On Sat, 2005-12-17 at 13:13 -0500, Tom Lane wrote:
> Simon Riggs <simon@2ndquadrant.com> writes:
> > On Fri, 2005-12-16 at 23:28 -0500, Bruce Momjian wrote:
> >> How are star joins different from what we do now?
>
> > Methods:
> > 1. join all N small tables together in a cartesian product, then join to
> > main Large table once (rather than N times)
>
> Of course, the reason the current planner does not think of this is that
> it does not consider clauseless joins unless there is no alternative.

Understood

>  The plan you currently get for
> this sort of scenario is typically a nest of hash joins:
>
>                                QUERY PLAN
> ------------------------------------------------------------------------
>  Hash Join  (cost=2.25..4652.25 rows=102400 width=16)
>    Hash Cond: ("outer".f1 = "inner".f1)
>    ->  Hash Join  (cost=1.12..3115.12 rows=102400 width=12)
>          Hash Cond: ("outer".f2 = "inner".f1)
>          ->  Seq Scan on fact  (cost=0.00..1578.00 rows=102400 width=8)
>          ->  Hash  (cost=1.10..1.10 rows=10 width=4)
>                ->  Seq Scan on d2  (cost=0.00..1.10 rows=10 width=4)
>    ->  Hash  (cost=1.10..1.10 rows=10 width=4)
>          ->  Seq Scan on d1  (cost=0.00..1.10 rows=10 width=4)
> (9 rows)
>
> This involves only one scan of the fact table.  As each row is pulled up
> through the nest of hash joins, we hash one dimension key and join to
> one small table at each level.

Understood

> This is at worst the same amount of work
> as hashing all the keys at once and probing a single cartesian-product
> hashtable, probably less work (fewer wasted key-comparisons).  And
> definitely less memory.  You do have to keep your eye on the ball that
> you don't waste a lot of overhead propagating the row up through
> multiple join levels, but we got rid of most of the problem there in
> 8.1 via the introduction of "virtual tuple slots".  If this isn't fast
> enough yet, it'd make more sense to invest effort in further cutting the
> executor's join overhead (which of course benefits *all* plan types)
> than in trying to make the planner choose a star join.

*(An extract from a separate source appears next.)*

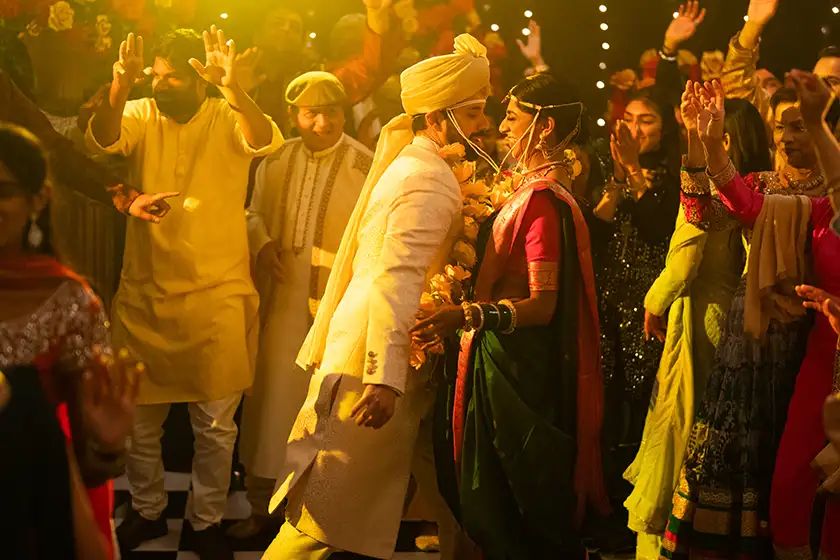 A man and a woman dance at a weeding in a crowd in A Nice Indian Boy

That join type is used when an index-organised table is available, so
that a SeqScan of the larger table can be avoided.

I'd say the plan would make sense if the columns of the cartesian
product match a multi-column index on the larger table that would not
ever be used unless sufficient columns are restricted in each lookup.
That way you are able to avoid the SeqScan that occurs for the multiple
nested Hash Join case. (Clearly, normal selectivity rules apply on the
use of the index in this way).

So I think that plan type still can be effective in some circumstances.
Mind you: building an N-way index on a large table isn't such a good
idea, unless you can partition the tables and still use a join. Which is
why I've not centred on this case as being important before now.

My understanding: Teradata and DB2 use this.

This may be covered by patents.

> > 2. transform joins into subselects, then return subselect rows via an
> > index bitmap. Joins are performed via a bitmap addition process.
>
> This one might be interesting but it's not clear what you are talking
> about.  "Bitmap addition"?

Ref: "Re: [HACKERS] slow IN() clause for many cases"

Required Transforms: join -> IN (subselect) -> = ANY(ARRAY(subselect))
ending with the ability to use an bitmap index scan
(which clearly requires a run-time, not a plan-time evaluation - though
the distinction is minor if you go straight from plan->execute as is the
case with most Data Warehouse queries).

If you do this for all joins, you can then solve the problem with a
Bitmap And step, which is what I meant by "addition".

If you have need columns in the result set from the smaller tables you
can get them by joining the result set back to the smaller tables again.

My understanding: Oracle uses this.

This may be covered by patents.

Best Regards, Simon Riggs